Great flick but the cast
was not dark enough.
Finally we have the Lin-Manuel Miranda film adaption a year ago of the Broadway musical In the Heights, about the mostly Dominican neighborhood at the foot of the Washington Bridge in Manhattan. 

It's a phenomenal musical, Stew and I loved it—though, like West Side Story, it bombed at the box office. It appeared here at a Queretaro movie house for exactly one day, before it vanished. (Maybe our liking a film is the kiss of death.) We managed to see it on TV during a limited engagement on HBO Max, but its extravagant dance production numbers would shine most brightly on a big movie screen. 

Heights is about the different Latino groups in the neighborhood and their sueñitos, or "little dreams." It premiered at the Los Angeles Latino Film Festival in June 2021, and received very good reviews—until the politically correctness police charged Miranda, who is Puerto Rican, with a newly minted form of bias I'd never heard of, called "colorism." 

It seems that although the cast and the plot line of the musical takes into account the various Latino groups in the U.S.—Puerto Ricans, Dominicans, Cubans, Mexicans and what-have-you—it failed to portray sufficient number of Black Latinos. The Times published a lengthy panel discussion of the omission

Anthony Ramos

Regrettably, Miranda mumbled some apologies for his supposed oversight, which to me, diminished his tremendous contribution to putting Latino faces, of any color on the movie screen by making In the Heights. He also wrote and starred in the hit musical Hamilton, which had a multi-racial and -ethnic cast and was considered a breakthrough in that regard. Just last night Stew and I watched Encanto, a lovely Latino-theme animated feature, for which Miranda wrote all the music, in the vein of Coco, except it's set in Colombia.

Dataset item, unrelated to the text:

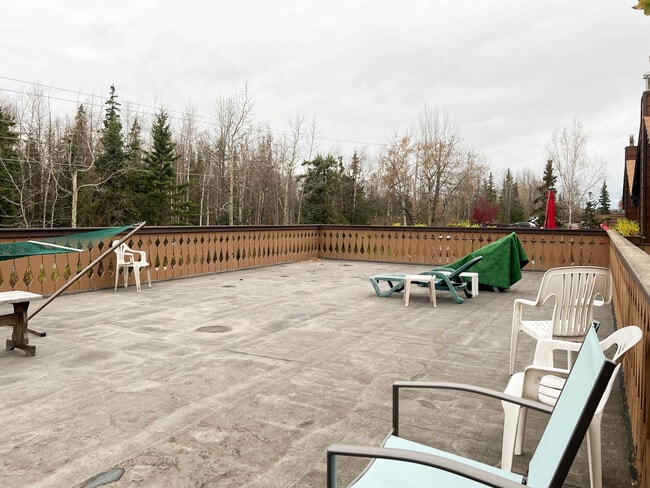 4764 Mills Dr in Anchorage, AK - Building Photo - Building Photo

Among Latinos, especially those from the Caribbean, the lines between White, Black and the vast multi-ethnic racial middle are often blurry. Anthony Ramos, one of the stars in Hamilton and the lead in In the Heights, is ethnically Puerto Rican but probably has some African blood in him, and so do several members of the cast whom critics deemed not dark enough.  

But again, why should it be a concern if he is a Puerto Rican starring in a film about a neighborhood called Little Dominican Republic? Or his exact racial background?

In the Heights was directed by Jon M. Chu, who is Asian and also directed Crazy Rich Asians, for which he was praised, but also criticized, for not casting the exact blend of Asians and Asian-Americans (the lead in that film is Henry Golding, who is biracial.)

Perhaps what I find most bothersome about the ethnic and racial nitpicking is that it overlooks the inroads that Latinos have made in the film industry thanks recently to the notable contributions of Lin-Manuel Miranda, a white Puerto Rican, if you must ask. We are a long ways from when the role of Maria in the original West Side Story was played by Natalie Wood, and Marlon Brando played the lead in Viva Zapata! in 1952. 

As some Times readers remarked in letters to the editor, even if the cast of In the Heights didn't have precisely the right color mix, can't we accept it as a great portrayal of the varied mix of America's Latino community? Must perfection trump the perfectly good?